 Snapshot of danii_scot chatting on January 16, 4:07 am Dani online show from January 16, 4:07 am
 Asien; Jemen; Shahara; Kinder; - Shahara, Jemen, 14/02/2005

──────

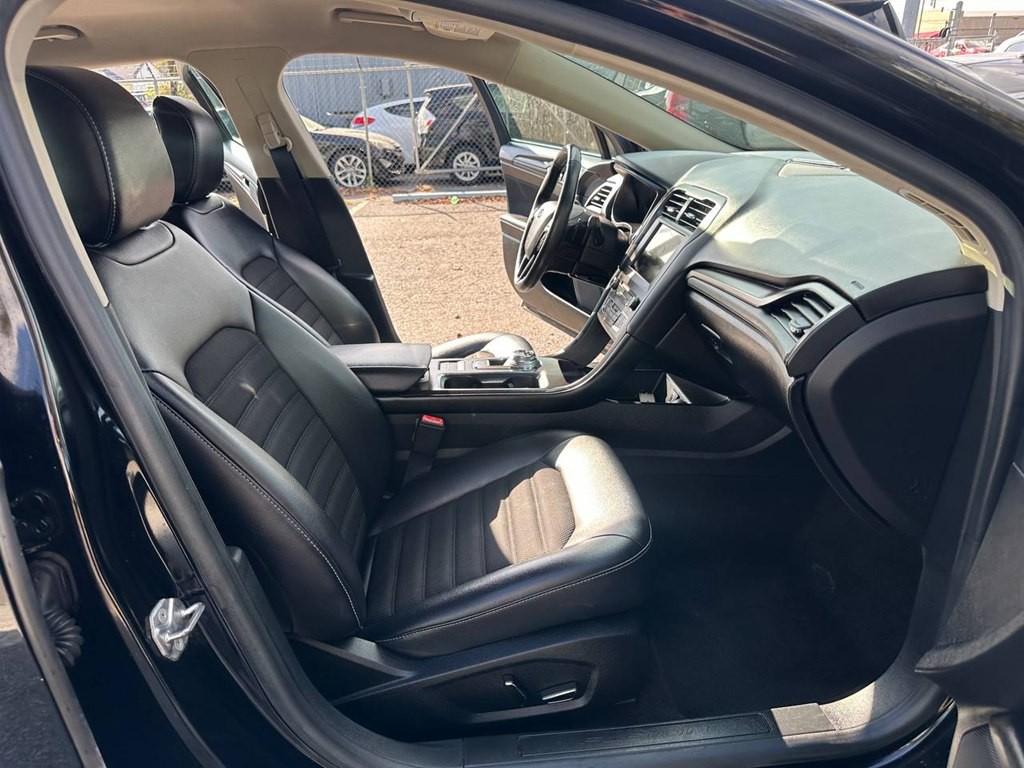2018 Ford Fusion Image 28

──────

## Assigned task
Return only the lines between the one holding "Snapshot of danii_scot" and the one holding "Asien; Jemen; Shahara;", inclusive, exactly as they appear above.

## The completed task
 Snapshot of danii_scot chatting on January 16, 4:07 am Dani online show from January 16, 4:07 am
 Asien; Jemen; Shahara; Kinder; - Shahara, Jemen, 14/02/2005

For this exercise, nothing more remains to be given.